COLLEGE STATION —As Texans make plans to celebrate the Fourth of July, Texas A&M Forest Service encourages everyone to be careful with any outdoor activity that may cause a spark.

Excessive heat over the past two weeks has resulted in grasses drying across portions of North, Central and Southern regions of Texas. Areas with dry grass may support wildfire activity due to accidental ignitions from fireworks or other activities that cause a spark.

Conditions will improve Sunday through early next week, with temperatures falling below 100°F and increased chances for rainfall. Lower temperatures and opportunities for rain will keep the potential for wildfire ignitions low statewide through the July 4th holiday.

Though wildfire activity potential will be lower across the state next week, Texas A&M Forest Service and local fire officials are advising members of the public to be cautious with outdoor activities.

Approximately 90 percent of wildfires are caused by humans and their activities, and Independence Day is one of the top days for reported wildfires.

“On average, 128 wildfires ignite each year on July 4 in Texas. Fireworks have the potential to ignite wildfires and have done so in past years,” said Wes Moorehead, Texas A&M Forest Service Fire Chief. “We encourage all Texans to be cautious while you celebrate with your family and friends. Do your part to prevent wildfires and be safe this holiday.”

The safest way to enjoy fireworks is to attend a public show hosted by professionals. If you plan to set off your own fireworks, please follow these safety tips:

  • Before you celebrate, always check and comply with local government officials for any burn bans or other restrictions.
  • Read and follow all warnings and instruction labels on fireworks.
  • Use fireworks only under close adult supervision and in safe areas away from structures, dry grass and brush.
  • Keep a hose, bucket of water and wet towels nearby in case of a malfunction or fire.
  • Dispose of used fireworks in a bucket of water.
  • Never ignite fireworks in a container, especially glass or metal.

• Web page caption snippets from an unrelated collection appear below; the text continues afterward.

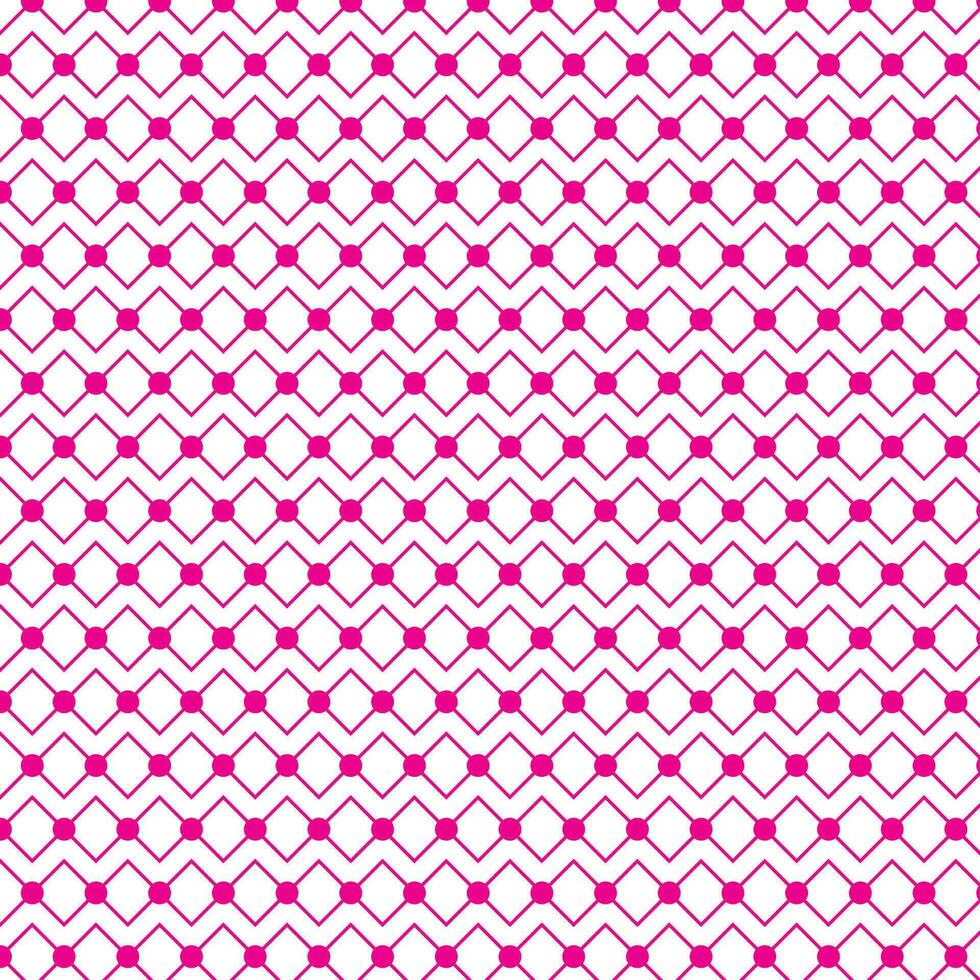 abstract geometric pink cross and dot repeat pattern vector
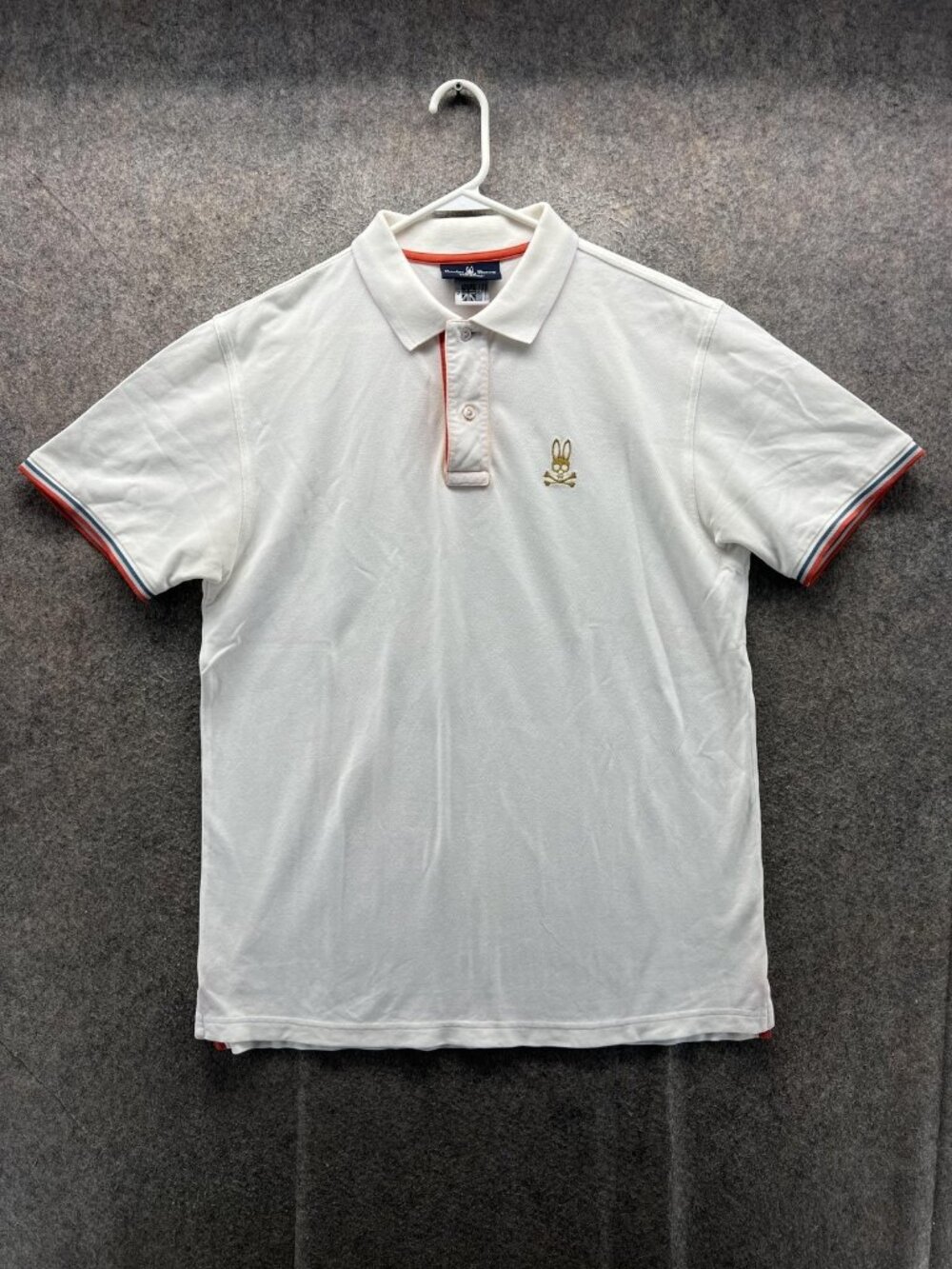 Psycho Bunny Polo Shirt Mens XL White Solid Knit Logo Trim Short Sleeve Casual 7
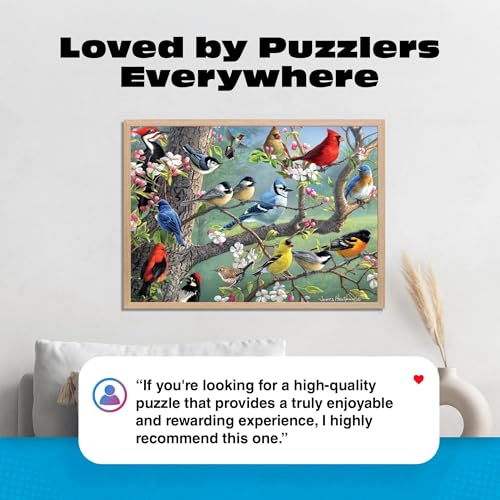 Buffalo Games Hautman Brothers - Birds in an Orchard - 1000 Piece Jigsaw Puzzle for Adults - 26.75 x 19.75 in, Poster Included - Precision Cut Pieces - Jigsaw Puzzles for Adults - Bird Scene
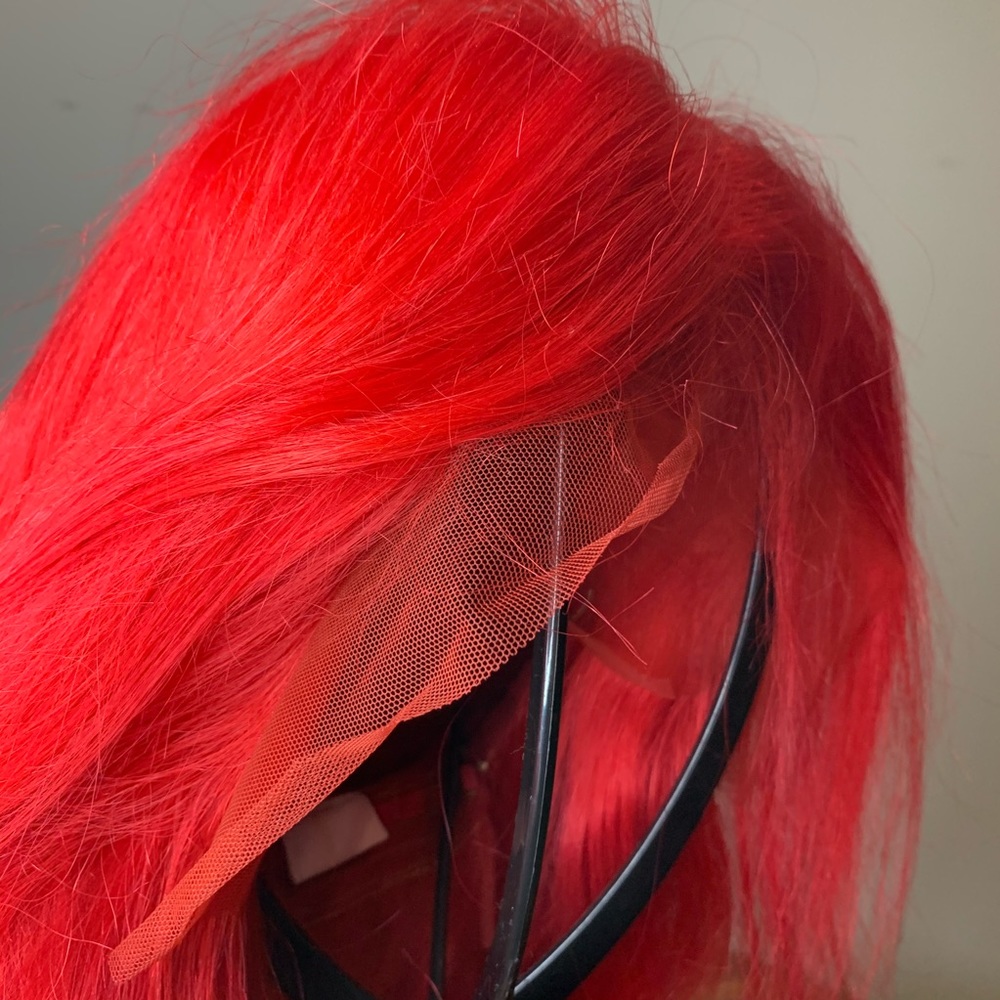 Ariel Bright Red Lace Front Human Hair Wig Bob Cut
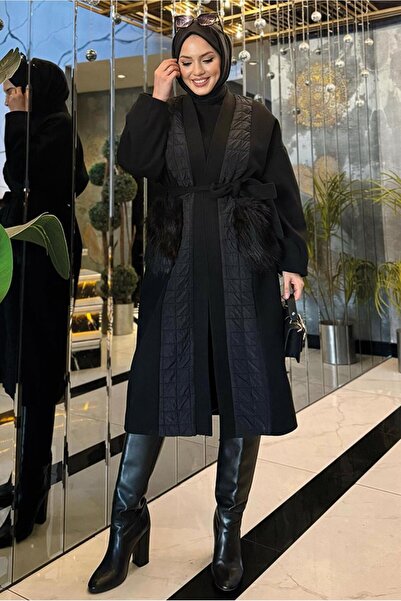 TRENDTESETTÜR KADIN SİYAH KUŞAKLI KABAN T 5687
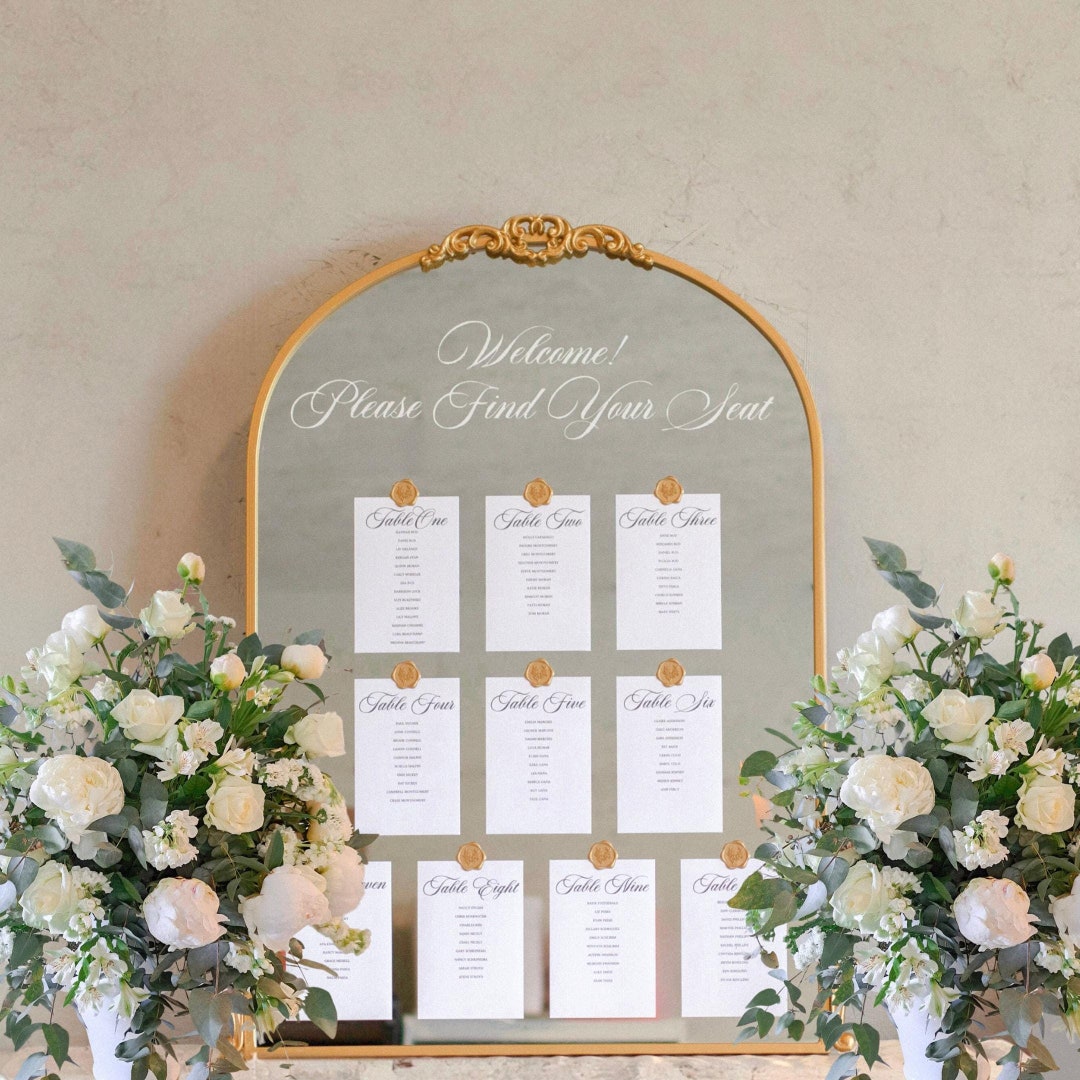 Wedding Seating Chart | Elegant Wedding Signage | Ceremony Seating ...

To help prevent wildfires during hot and dry conditions:

  • Avoid parking and idling in tall, dry grass. Catalytic converters can get hot enough to ignite the grass under a vehicle.
  • Ensure chains and other metal parts aren’t dragging from your vehicle — they throw sparks.
  • Avoid placing your grill near flammable vegetation or materials, never leave your grill unattended, and ensure coals are completely extinguished when you are done.

Note: Burn bans and fireworks restrictions are determined by county government. Texas A&M Forest Service does not determine, set or lift these restrictions.